The Madrid-based credit technology group says it grew 26% in 2025 after integrating new operations in France and Germany, consolidating its global identity under the Ubimia brand and deepening its focus on recurring revenue and AI governance.

April 23, 2026
5 min read
Ubimia Accelerates International Growth Through Europe Expansion and Global Rebrand

Ubimia is entering a new stage of growth after a year defined by rebranding, European expansion and a stronger shift toward recurring revenue. According to its 2025 activity report, the company closed the year with 26% growth, capping a period of internal transformation that included the launch of a single global brand and the integration of new businesses in Europe.

The company emerged from the former PFSTECH structure and now operates as a unified platform focused on the credit lifecycle, combining software, data and AI-driven tools. Ubimia says it is active in 26 countries and employs 566 professionals, serving more than 6,000 active clients through a business model increasingly anchored in predictable, recurring income.

One of the main milestones in 2025 was the launch of the Ubimia brand in Madrid, where the group formally replaced its previous corporate identity and consolidated its companies and products under one global name. The company has described that move as a way to align its international operations and clarify its market positioning as it scales across Europe and Latin America.
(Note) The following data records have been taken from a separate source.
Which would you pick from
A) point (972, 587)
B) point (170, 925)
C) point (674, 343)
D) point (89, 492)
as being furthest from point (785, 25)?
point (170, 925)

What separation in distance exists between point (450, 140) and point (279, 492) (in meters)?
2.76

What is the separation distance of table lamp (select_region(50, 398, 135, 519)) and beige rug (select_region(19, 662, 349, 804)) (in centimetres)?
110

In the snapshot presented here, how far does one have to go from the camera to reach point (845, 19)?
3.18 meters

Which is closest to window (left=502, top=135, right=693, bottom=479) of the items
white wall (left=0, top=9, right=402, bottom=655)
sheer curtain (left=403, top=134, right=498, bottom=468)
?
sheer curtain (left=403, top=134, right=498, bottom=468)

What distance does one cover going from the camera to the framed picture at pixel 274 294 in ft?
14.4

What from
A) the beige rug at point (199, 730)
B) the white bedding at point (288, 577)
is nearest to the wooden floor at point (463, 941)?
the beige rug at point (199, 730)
The European angle was central to that growth story. In 2025, the group integrated ZIQY in France, a company linked to renting and circular economy services, and Germany’s finstreet, which specializes in digital onboarding for financial services. Ubimia says those moves strengthened its capabilities in Western and Central Europe, regions that together with the Americas now account for 47% of total revenue.

Artificial intelligence has also moved from a product layer into a governance issue inside the company. Ubimia says it created a cross-functional AI committee, a corporate registry of AI-based solutions and a responsible-use framework aligned with European regulation, signaling that compliance and oversight are becoming part of its growth architecture rather than a secondary concern.

That matters because Ubimia is positioning itself in a segment where Europe and Latin America increasingly overlap: digital infrastructure for credit, onboarding, collections, legal processes and financial back office. Its published strategy for 2026–2030 aims to reinforce that positioning through double-digit growth and a greater reliance on intellectual property and recurring business, suggesting that the company wants to scale less as a service-heavy operator and more as a technology platform. This final point is an inference based on the company’s stated strategic plan and emphasis on IP and recurring revenue.

The broader significance is that Ubimia reflects a type of Spanish technology company that is increasingly relevant to the Europe–Latin America business corridor: headquartered in Madrid, expanding through acquisitions in continental Europe, and explicitly defining its long-term ambition around both Europe and LatAm. As companies across both regions digitize credit processes and tighten compliance frameworks, groups like Ubimia are trying to position themselves as cross-border infrastructure providers rather than niche software vendors. This final sentence is an inference based on Ubimia’s stated geographic vision and recent expansion path.